AVAILABLE DATA
BEGIN
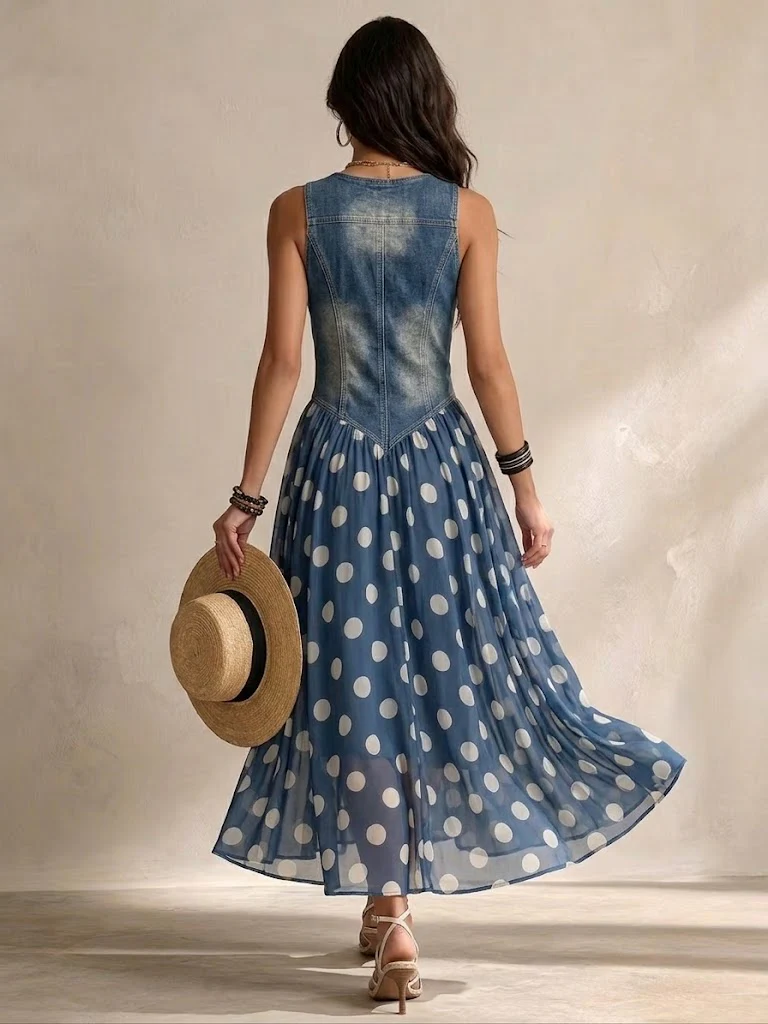 VALENTINA - Denim & lunares · Escote V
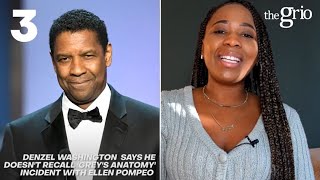 Denzel Washington Says He Doesn’t Recall ‘Grey’s Anatomy’ Incident With Ellen Pompeo  Grio Top 3 [upl. by Cirenoj906]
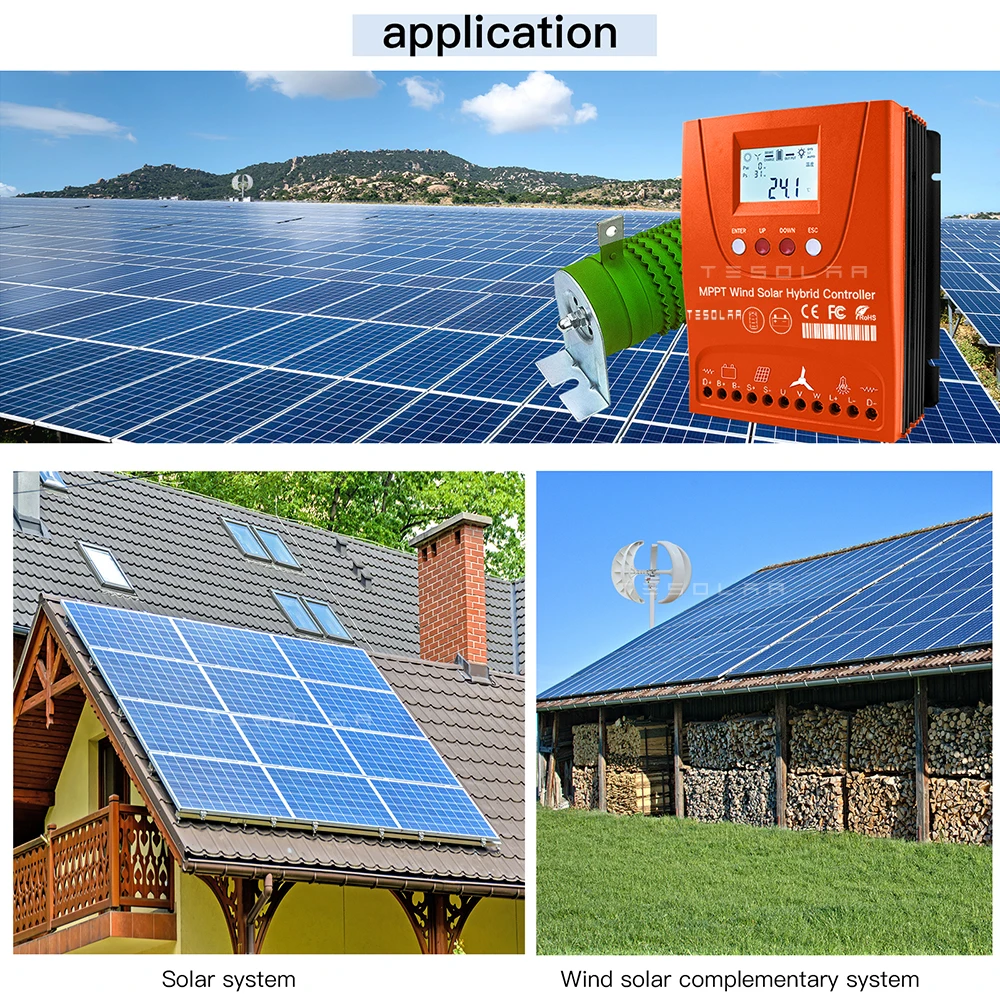 Imagem -05 - Controlador Solar Híbrido do Vento 3000w Regulador Mppt Auto Fósforo 12v 24v 48v Bluetooth Opcional App do Andróide para o Sistema Híbrido da Energia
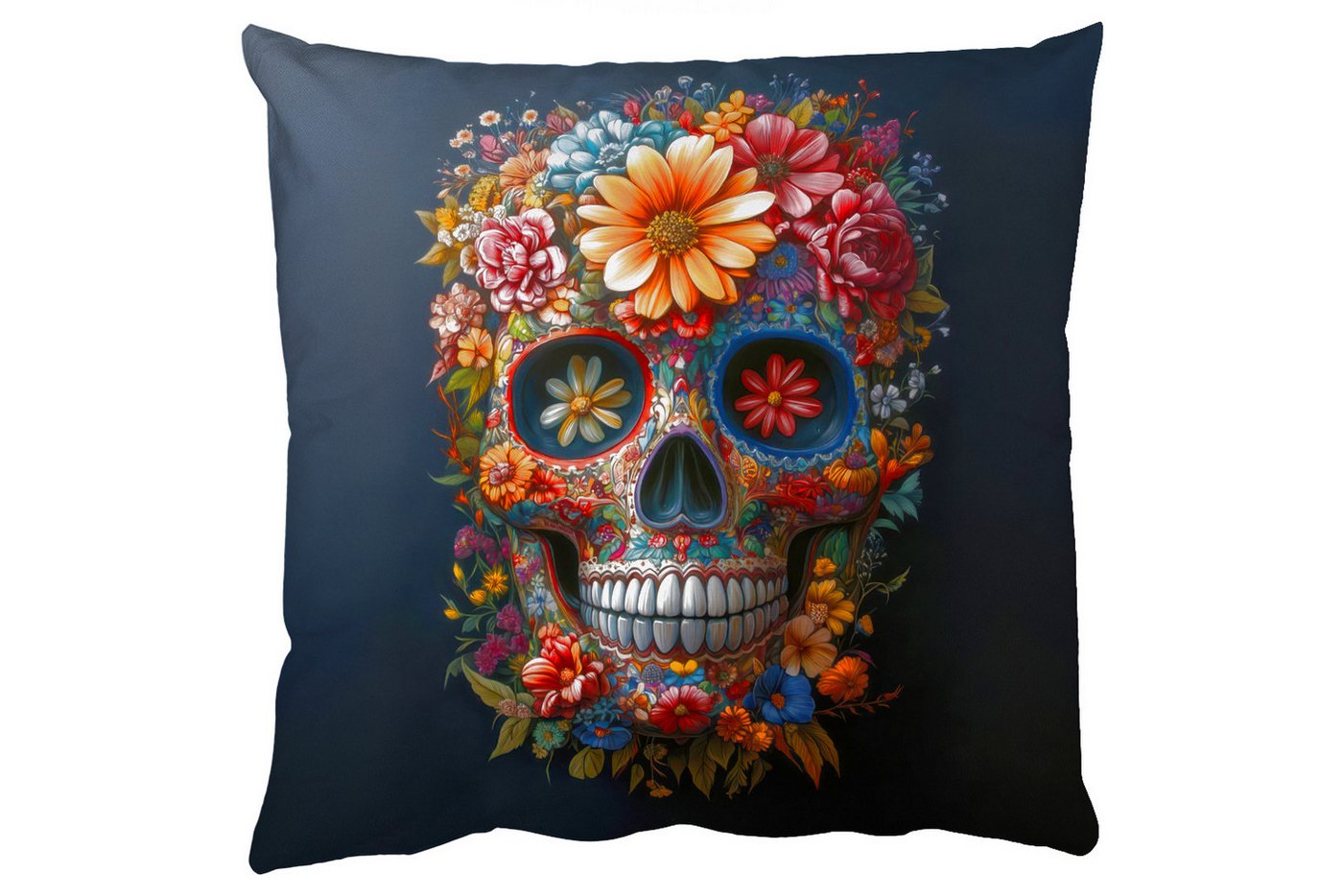 MuchoWow Dekokissen Blumen - Bunt - Totenkopf, Zierkissen mit Füllung für Wohnzimmer, Sofakissen, 40x40 cm MuchoWow Dekokissen Blumen - Bunt - Totenkopf, Zierkissen mit Füllung für Wohnzimmer, Sofakissen, 40x40 cm von MuchoWow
END
Set out exactly, and only, the lines between the first line of the listing and the line containing "Imagem -05 - Controlador", counting both, while leaving every picture out.

SOLVED PROBLEM
 VALENTINA - Denim & lunares · Escote V
 Denzel Washington Says He Doesn’t Recall ‘Grey’s Anatomy’ Incident With Ellen Pompeo  Grio Top 3 [upl. by Cirenoj906]
 Imagem -05 - Controlador Solar Híbrido do Vento 3000w Regulador Mppt Auto Fósforo 12v 24v 48v Bluetooth Opcional App do Andróide para o Sistema Híbrido da Energia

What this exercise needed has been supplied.